Description of the task: Retype only the lines that run from the top of the material below to the line bearing "8inch Base Lights", inclusive, and keep the pictures out.

──────────────────────────────

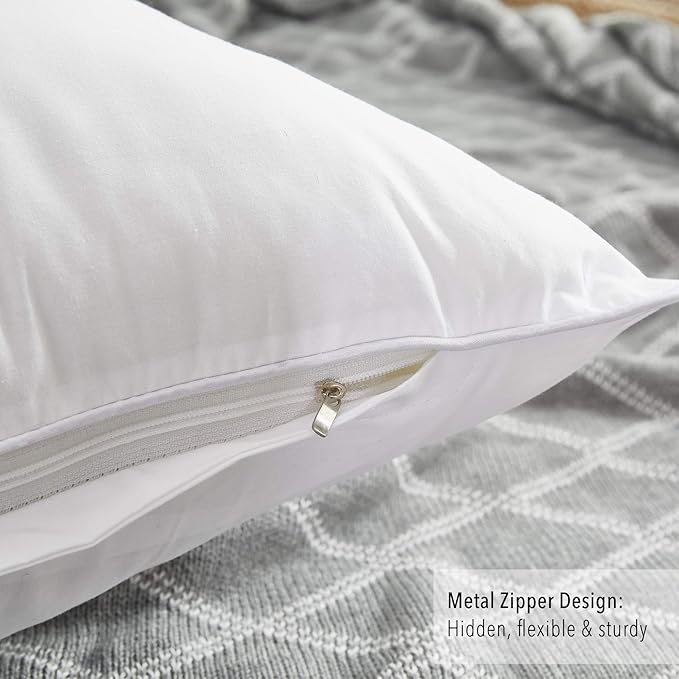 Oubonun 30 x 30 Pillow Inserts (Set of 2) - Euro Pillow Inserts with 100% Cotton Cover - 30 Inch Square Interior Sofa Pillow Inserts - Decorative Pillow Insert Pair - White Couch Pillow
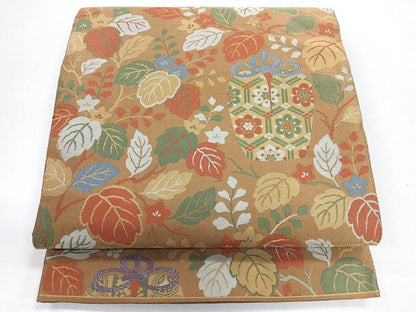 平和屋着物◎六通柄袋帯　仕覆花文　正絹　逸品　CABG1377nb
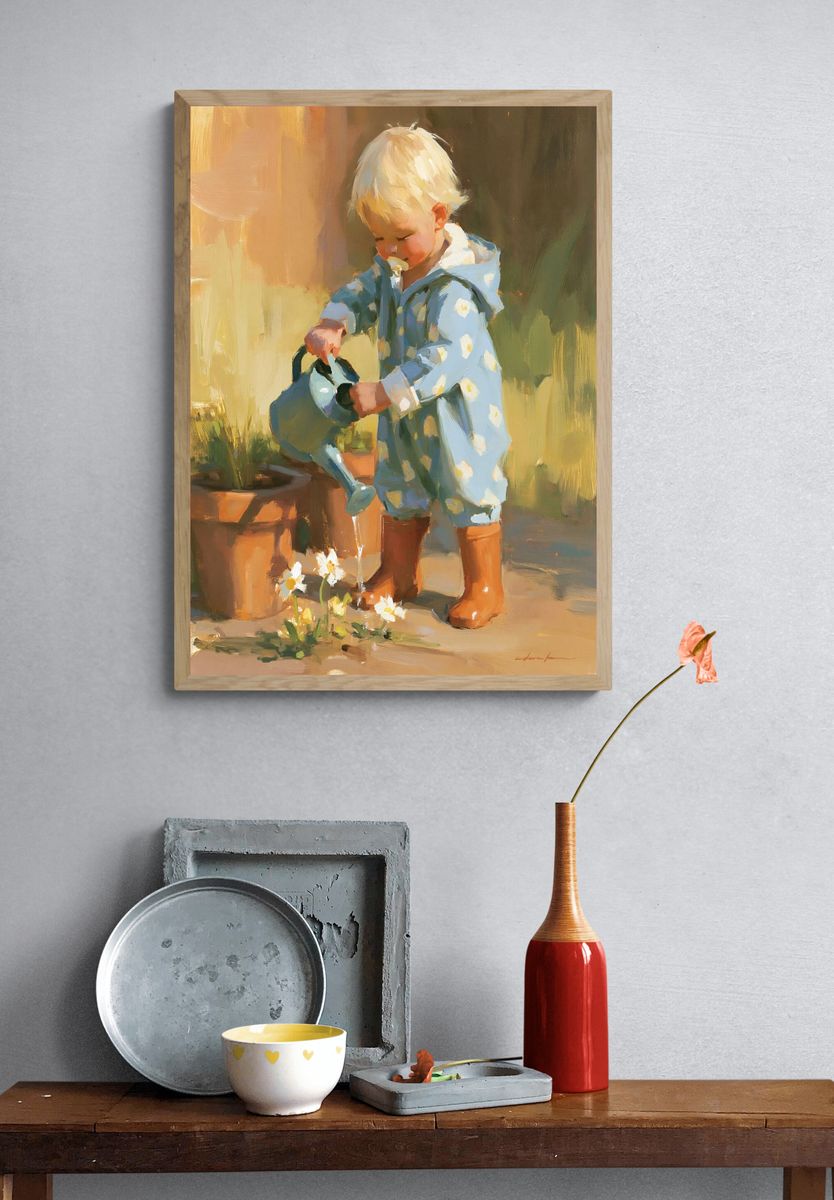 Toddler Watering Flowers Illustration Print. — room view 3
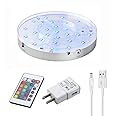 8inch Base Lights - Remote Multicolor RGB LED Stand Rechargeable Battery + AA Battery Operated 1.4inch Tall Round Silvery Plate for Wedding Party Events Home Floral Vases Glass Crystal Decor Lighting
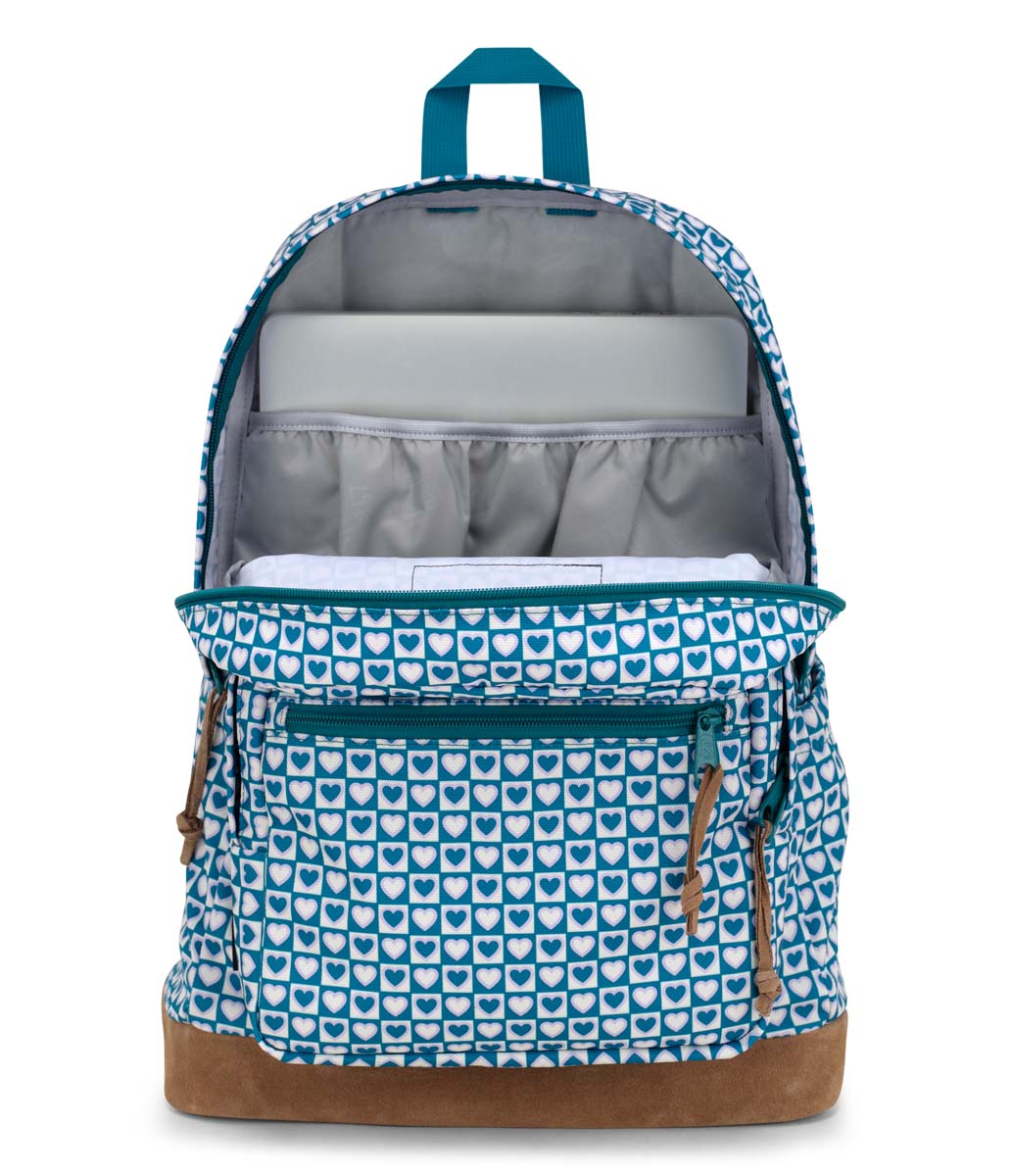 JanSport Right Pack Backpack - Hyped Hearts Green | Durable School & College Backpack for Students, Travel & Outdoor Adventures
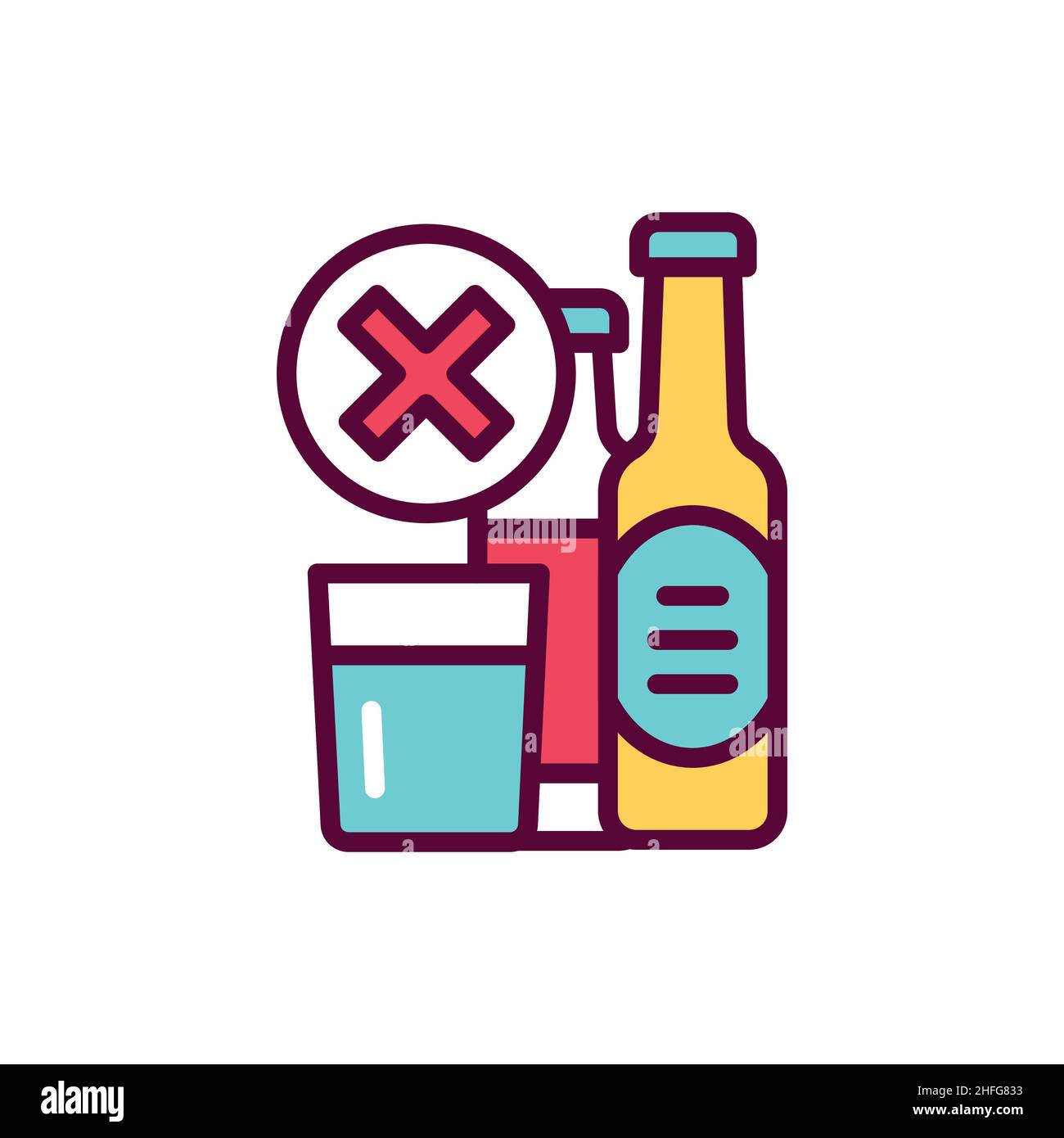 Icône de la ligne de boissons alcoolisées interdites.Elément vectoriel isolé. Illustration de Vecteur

──────────────────────────────

Completed exercise:
 Oubonun 30 x 30 Pillow Inserts (Set of 2) - Euro Pillow Inserts with 100% Cotton Cover - 30 Inch Square Interior Sofa Pillow Inserts - Decorative Pillow Insert Pair - White Couch Pillow
 平和屋着物◎六通柄袋帯　仕覆花文　正絹　逸品　CABG1377nb
 Toddler Watering Flowers Illustration Print. — room view 3
 8inch Base Lights - Remote Multicolor RGB LED Stand Rechargeable Battery + AA Battery Operated 1.4inch Tall Round Silvery Plate for Wedding Party Events Home Floral Vases Glass Crystal Decor Lighting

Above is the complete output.